§ **Task instructions**: What you return should be the lines from the one with "Valueline BC-004 kabel-connector" through the one with "Бебешко / Детско" in the data below, reproduced exactly with both ends, and no pictures at all.

§ **Exercise input**:
**********
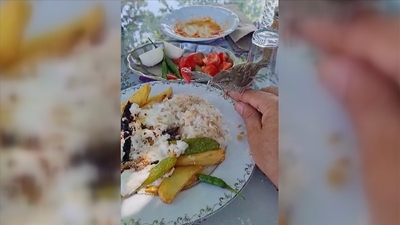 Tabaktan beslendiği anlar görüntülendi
**********
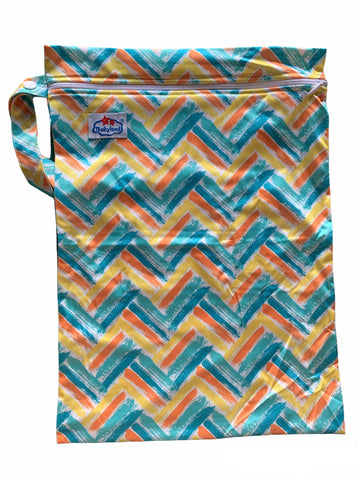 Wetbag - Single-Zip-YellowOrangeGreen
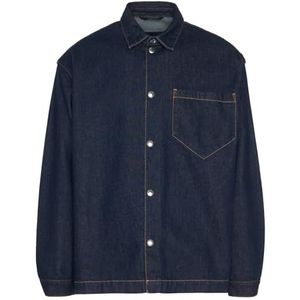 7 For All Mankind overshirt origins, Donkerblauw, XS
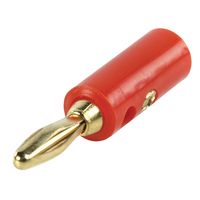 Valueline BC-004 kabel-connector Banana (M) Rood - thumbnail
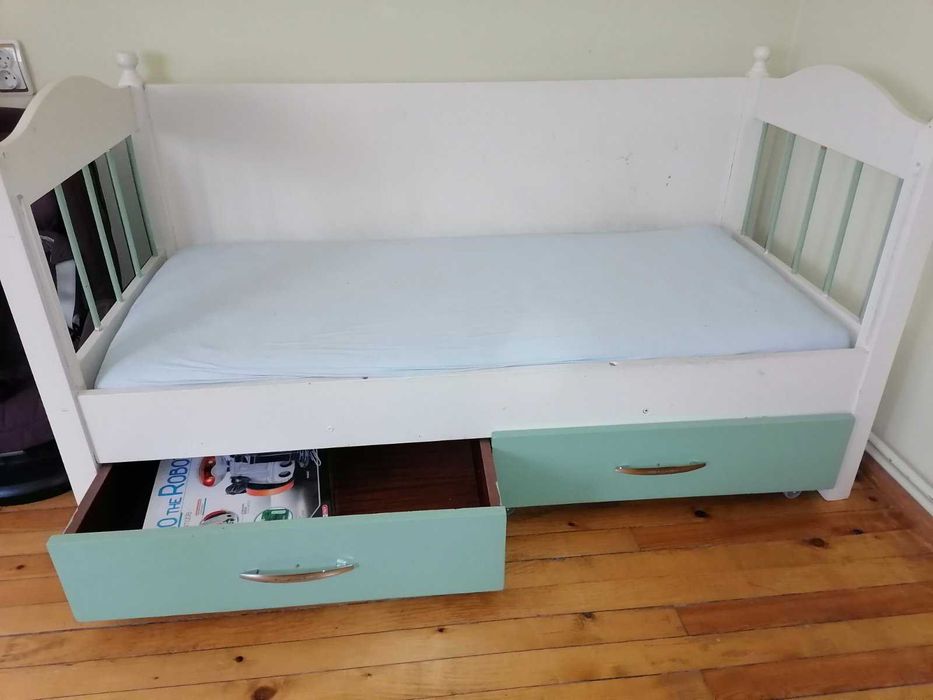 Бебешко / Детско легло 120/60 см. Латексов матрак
**********
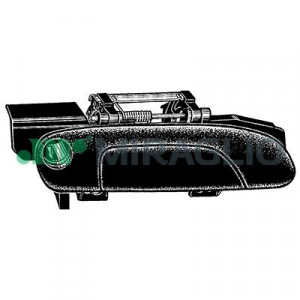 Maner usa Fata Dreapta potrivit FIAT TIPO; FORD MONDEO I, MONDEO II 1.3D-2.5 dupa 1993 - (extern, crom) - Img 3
**********
§ **Answer section**:
 Valueline BC-004 kabel-connector Banana (M) Rood - thumbnail
 Бебешко / Детско легло 120/60 см. Латексов матрак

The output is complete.